ここでエリサベトは、マリアの幸いがどこにあるのかを見事に言い当てています。マリアの幸い、それは「主がおっしゃったことは必ず実現すると信じた」ことにあるのです。そして、この幸いは、私たちにも与えられている幸いであるのです。不可能になることはない神の言葉、必ず実現する神の言葉を信じる幸い、それが、マリアの幸いであり、私たちの幸いでもあるのです。ですから、「主がおっしゃったことは必ず実現すると信じた方は、なんと幸いでしょう」というエリサベトの言葉は、私たちに対しても語られているのです。
2.マリアの賛歌
エリサベトの言葉を受けて、マリアは主をほめたたえます。46節から55節までをお読みします。
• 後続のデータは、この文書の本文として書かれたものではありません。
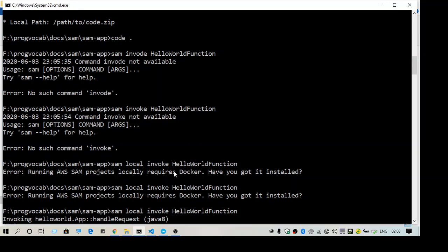To run SAM locally and to use this command 'sam local invoke', you need to have Docker installed in your system. If you are using Windows Professional, you have Docker for Windows.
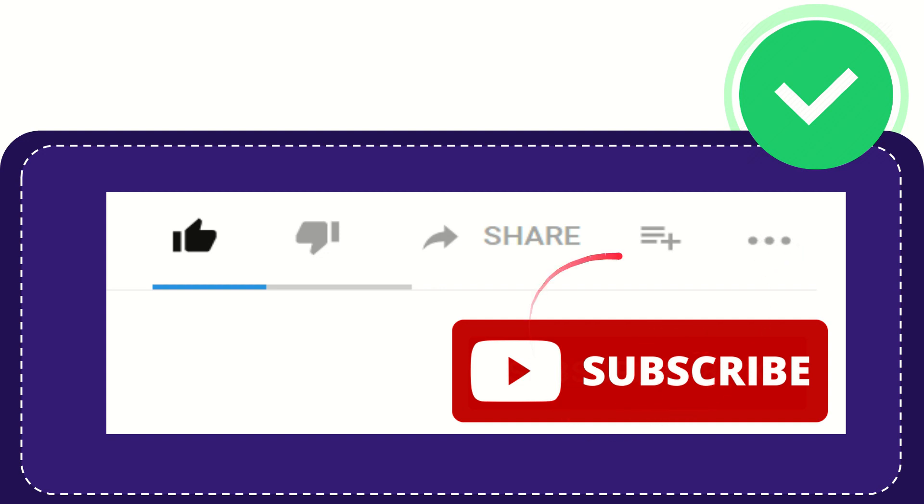And yeah, don't forget to subscribe. I think that's all of it. Thank you so much for watching this video, and see you again in another video. Bye bye, see you again.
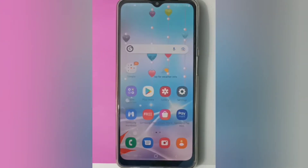Hello friends. In this video, I'll show you how to turn off wallpaper services on your device.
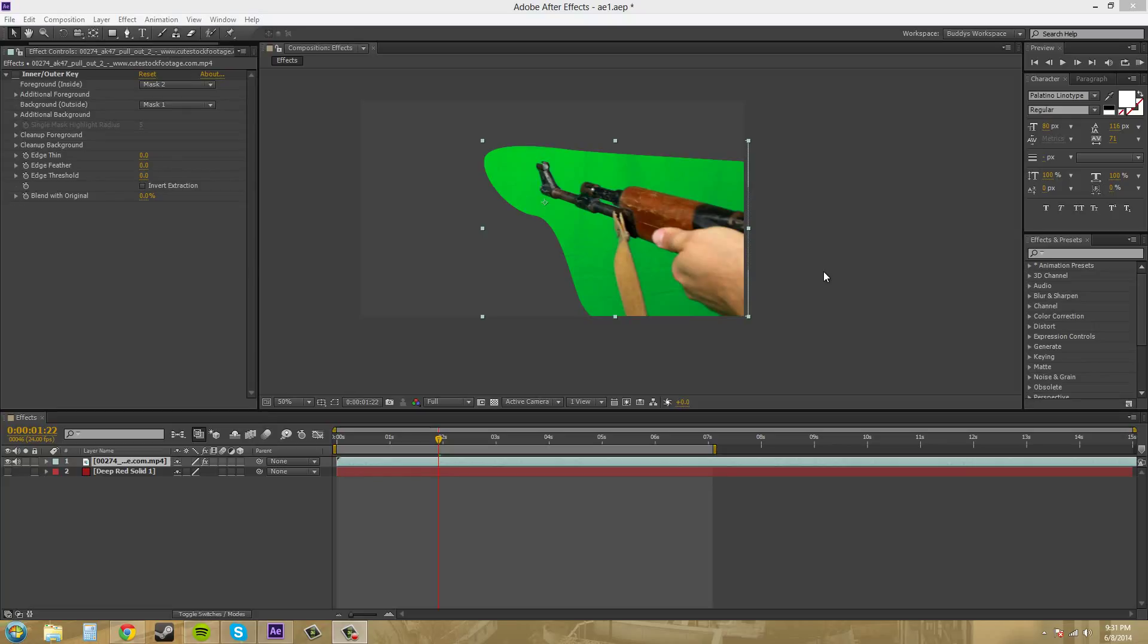Hello everybody, what's going on? Buddy Blackford here with another After Effects CS6 tutorial and today I'm going to teach you about another keying method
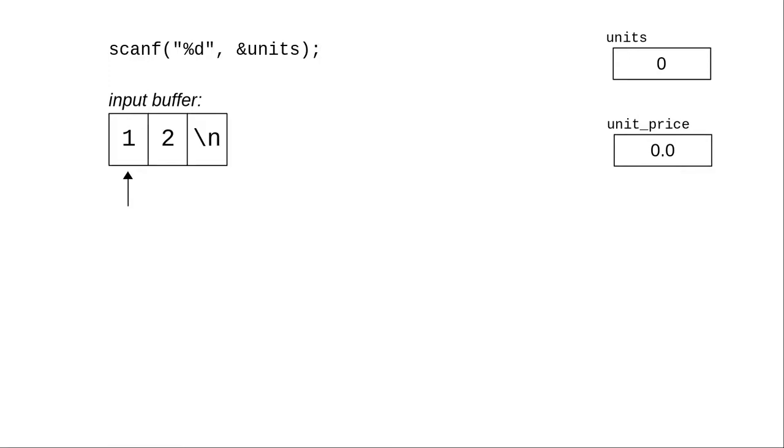That puts the digits 1, 2, and a newline character into the input buffer. When looking for a number, scanf starts at the current position in the input buffer and skips over any whitespace. In this case, there is none.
そこで、マリアは言った。「私の魂は主を崇め/私の霊は救い主である神を喜びたたえます。この卑しい仕え女に/目を留めてくださったからです。今から後、いつの世の人も/私を幸いな者と言うでしょう。力ある方が/私に大いなることをしてくださったからです。その御名は聖であり/その慈しみは代々限りなく/主を畏れる者に及びます。主は御腕をもって力を振るい/思い上がる者を追い散らし/権力ある者をその座から引き降ろし/低い者を高く上げ/飢えた人を良い物で満たし/富める者を何も持たせずに追い払い/慈しみを忘れず/その僕イスラエルを助けてくださいました。私たちの先祖に語られたとおり/アブラハムとその子孫に対してとこしえに。」
このマリアの賛歌には、マリアの信仰がよく表れています。マリアは、48節後半で「今から後、いつの世の人も/私を幸いな者と言うでしょう」と言います。そして、その理由を、「力ある方が/私に大いなることをしてくださったからです」と言うのです。マリアが神の子であるイエス・キリストの母となるのは、すべて神様がしてくださった大いなる恵みであるのです。マリアは、自分のことを、「卑しい仕え女」と言います。マリアは、自分が神様の御前に、取るに足らない、貧しい者であることをよく知っていたのです。だからこそ、マリアは、そのような自分に目を留めて、大いなることをしてくださった主をほめたたえるのです。「私の魂は主を崇め、私の霊は救い主である神を喜びたたえます」。「私の魂は主を崇め」の「崇め」は「大きくする」とも訳せます。主を崇めること、それは主を大きくすることです。そのとき必要なことは、自分が小さい者であることを弁えることです。マリアは、自分が小さい者であると正しく認識していたからこそ、主を大きくすることができたのです。私たちが礼拝でしていることも、主を崇めること、主を大きくすることです。もし、私たちが、「私は神様から恵みをいただいて当然な者だ。私は神様から恵みをいただくのにふさわしい者だ」と考えるならば、私たちは、神様を崇めること(大きくすること)はできません。しかし、私たちが、「私は本来、神様の御前に立つことができない罪人である。自分の罪のゆえに滅ぼされても当然の身である」と弁えるならば、私たちは神様を崇めること(大きくすること)ができるのです。実際、私たちがささげている礼拝は、そのような順序になっています。私たちは、罪の告白をして、赦しの宣言を受けて、救い主である神を崇めているのです。私たちは罪赦された者として、救い主である神を喜びたたえているのです。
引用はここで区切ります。